Assigned task
Beginning with the line that has "Encens Hem Sept Chakras pouch" and ending with the line that has "Halloween pracovné listy", retype the entries below exactly, except for the pictures.

Material for the task
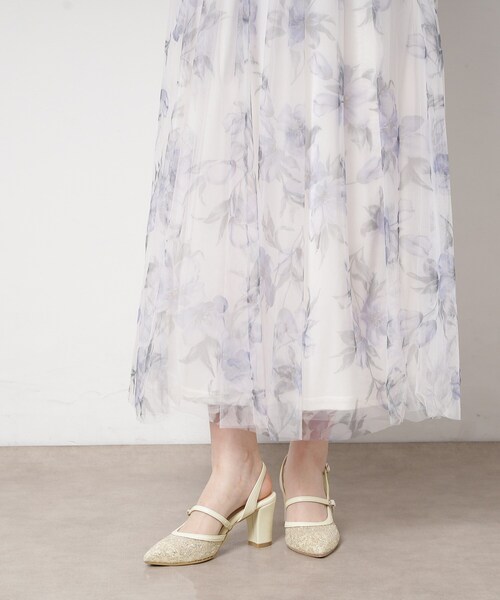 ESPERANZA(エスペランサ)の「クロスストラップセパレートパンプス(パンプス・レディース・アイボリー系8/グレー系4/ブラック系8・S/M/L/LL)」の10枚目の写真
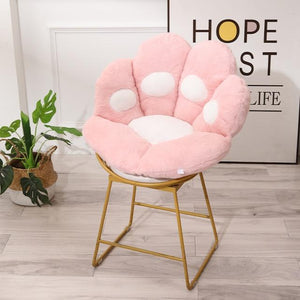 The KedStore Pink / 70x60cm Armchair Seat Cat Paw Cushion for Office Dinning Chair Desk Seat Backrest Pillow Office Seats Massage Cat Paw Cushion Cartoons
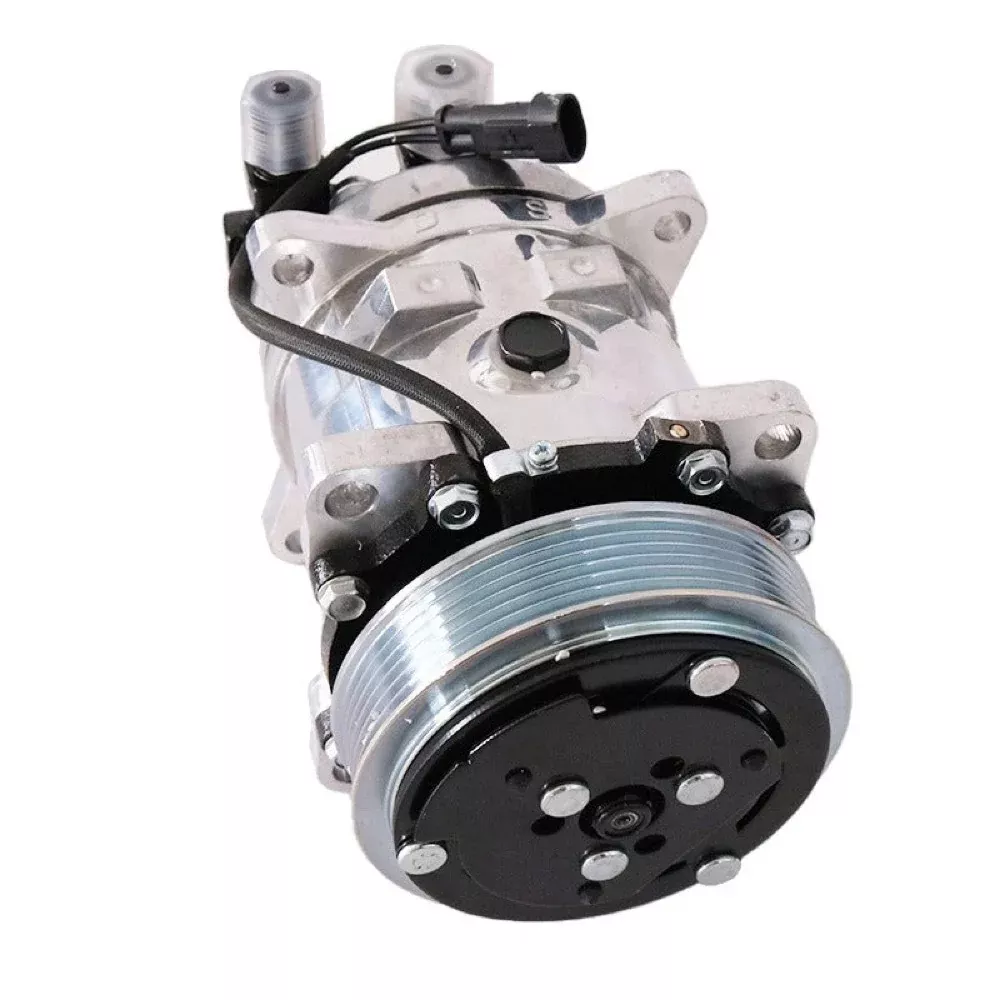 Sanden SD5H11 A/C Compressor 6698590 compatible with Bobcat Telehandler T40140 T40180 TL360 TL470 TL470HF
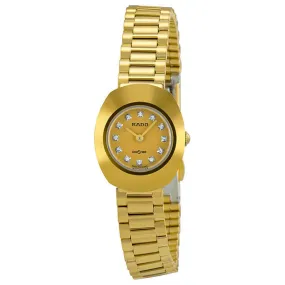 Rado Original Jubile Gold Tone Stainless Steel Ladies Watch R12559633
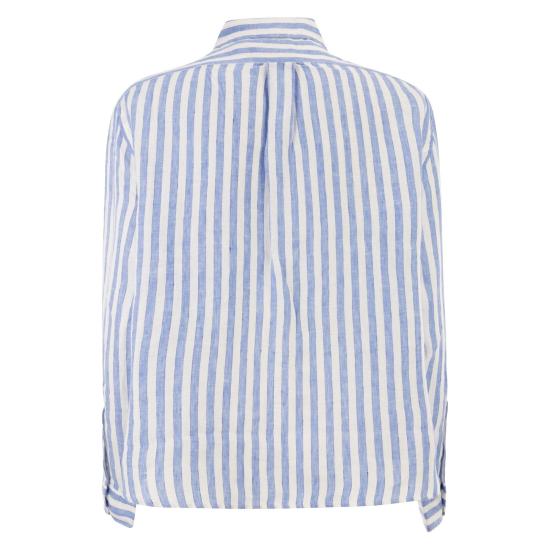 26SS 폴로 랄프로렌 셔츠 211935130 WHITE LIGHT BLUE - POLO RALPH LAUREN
--
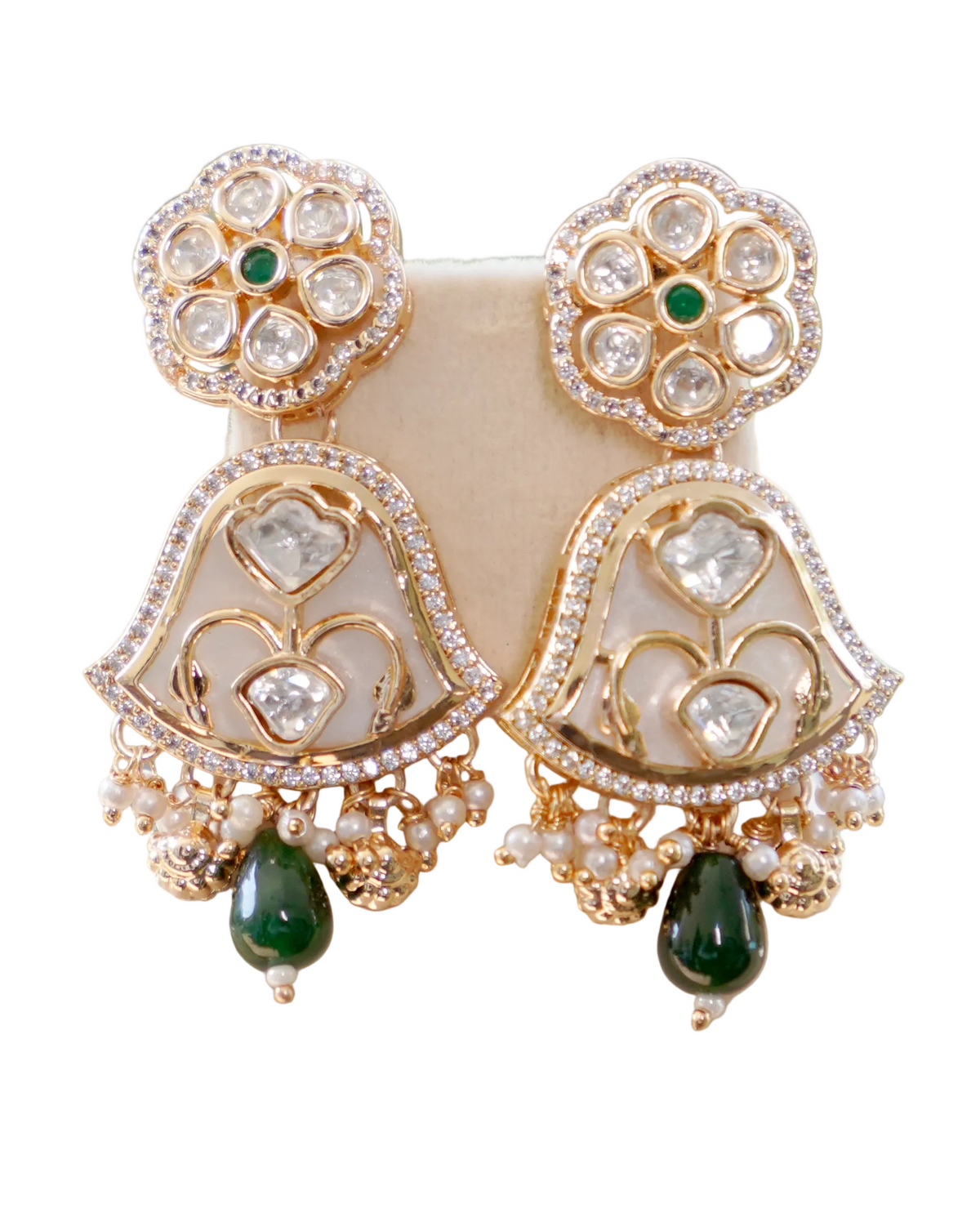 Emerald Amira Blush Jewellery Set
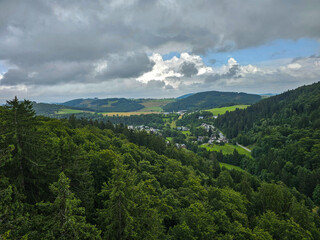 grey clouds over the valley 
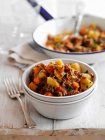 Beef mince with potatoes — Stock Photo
...
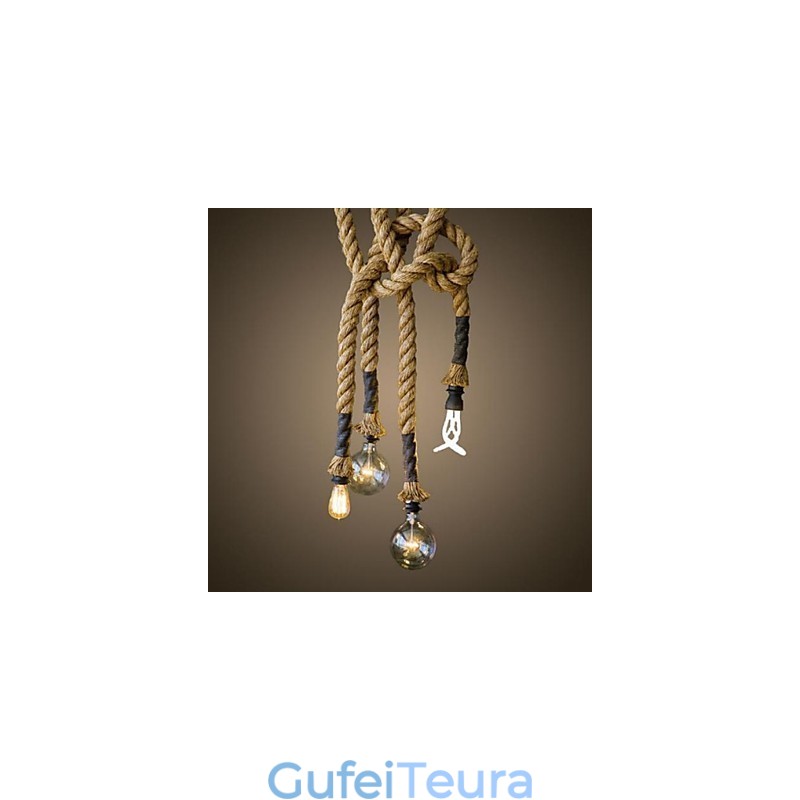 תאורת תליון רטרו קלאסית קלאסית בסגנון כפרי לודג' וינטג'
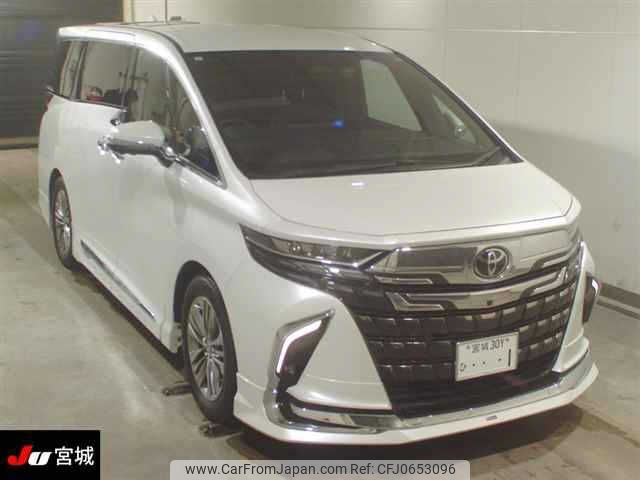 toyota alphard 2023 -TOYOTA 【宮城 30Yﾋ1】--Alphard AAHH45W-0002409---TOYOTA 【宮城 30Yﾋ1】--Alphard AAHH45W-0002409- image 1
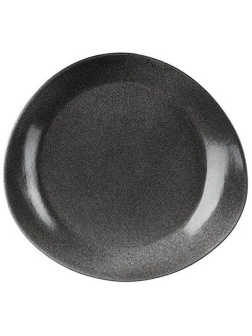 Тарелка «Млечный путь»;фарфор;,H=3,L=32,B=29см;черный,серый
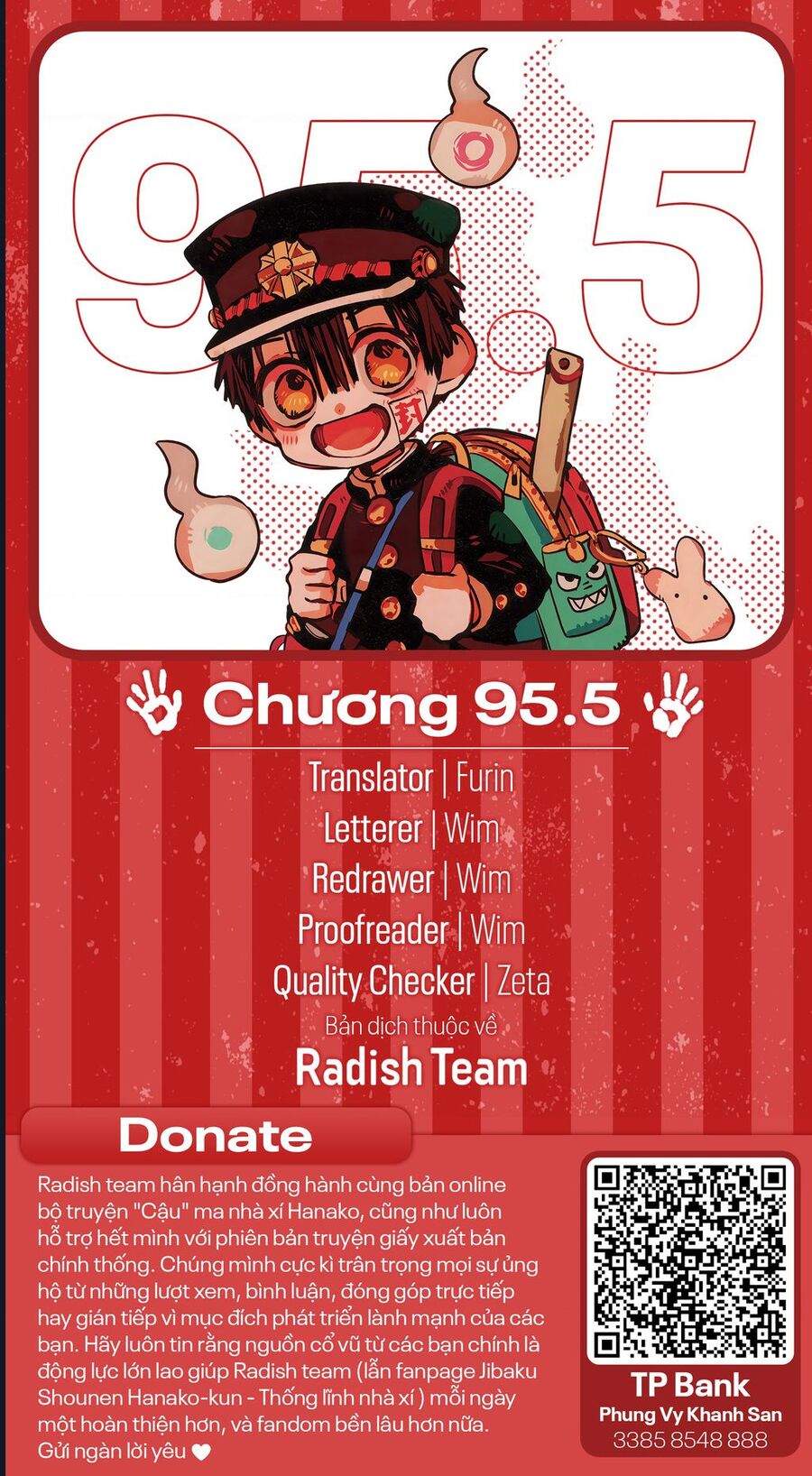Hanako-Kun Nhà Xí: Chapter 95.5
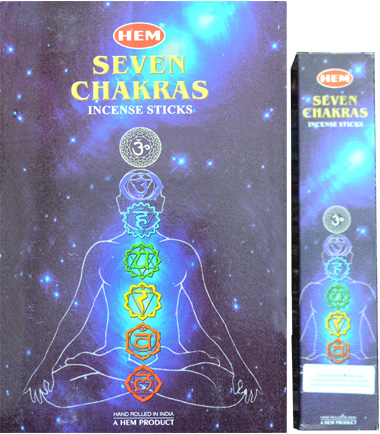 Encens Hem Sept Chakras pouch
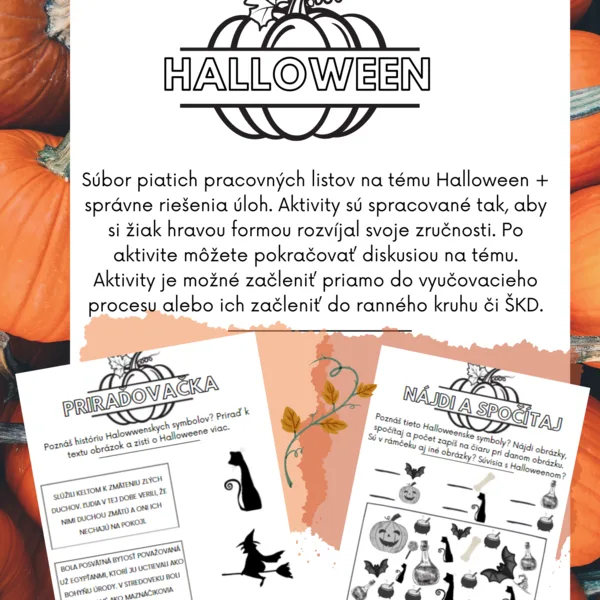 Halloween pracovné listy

Response for this exercise
 Encens Hem Sept Chakras pouch
 Halloween pracovné listy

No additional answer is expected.